# ASSIGNED TASK
Retype the data exactly, skipping any picture in it.

# DATA
________________
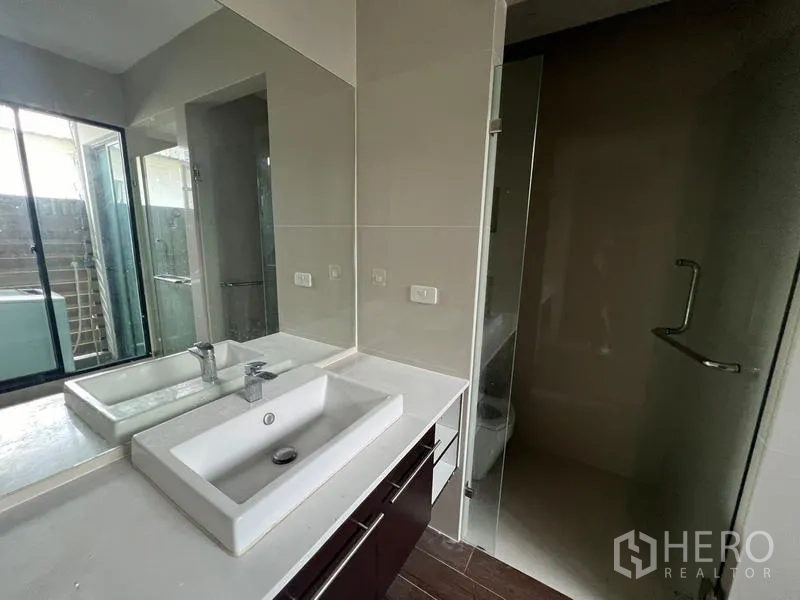 Townhouse for rent or sale in Khlong Toei, Bangkok - Bathroom vanity with a wide mirror beside a glass-enclosed shower and window.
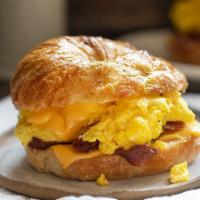 Croissant Sandwich Breakfast · Large crescent served with egg, cheese and your choice of bacon or sausage.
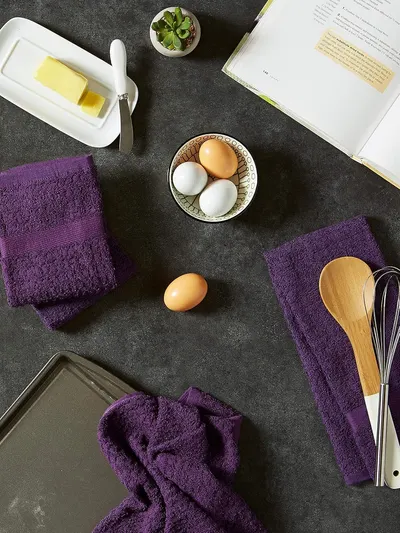 Displays the towels in a natural kitchen baking scene to demonstrate everyday use and fit within home decor.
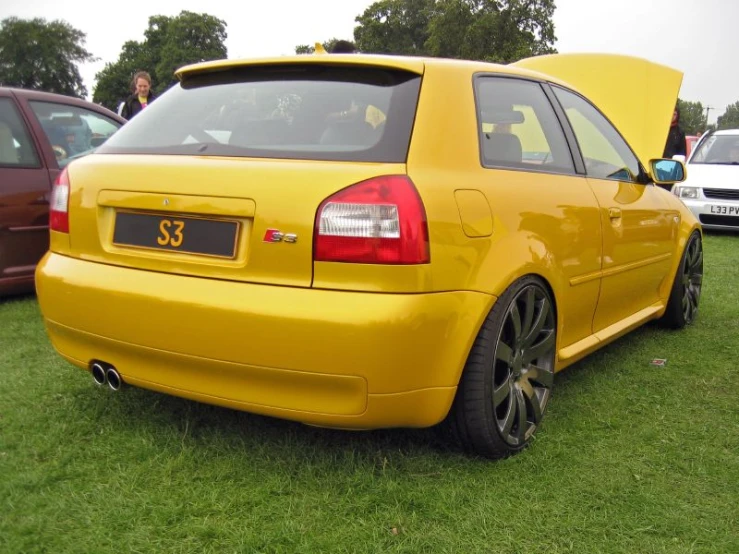 the back of a yellow car at an automobile show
________________
# TASK RESULT
 Townhouse for rent or sale in Khlong Toei, Bangkok - Bathroom vanity with a wide mirror beside a glass-enclosed shower and window.
 Croissant Sandwich Breakfast · Large crescent served with egg, cheese and your choice of bacon or sausage.
 Displays the towels in a natural kitchen baking scene to demonstrate everyday use and fit within home decor.
 the back of a yellow car at an automobile show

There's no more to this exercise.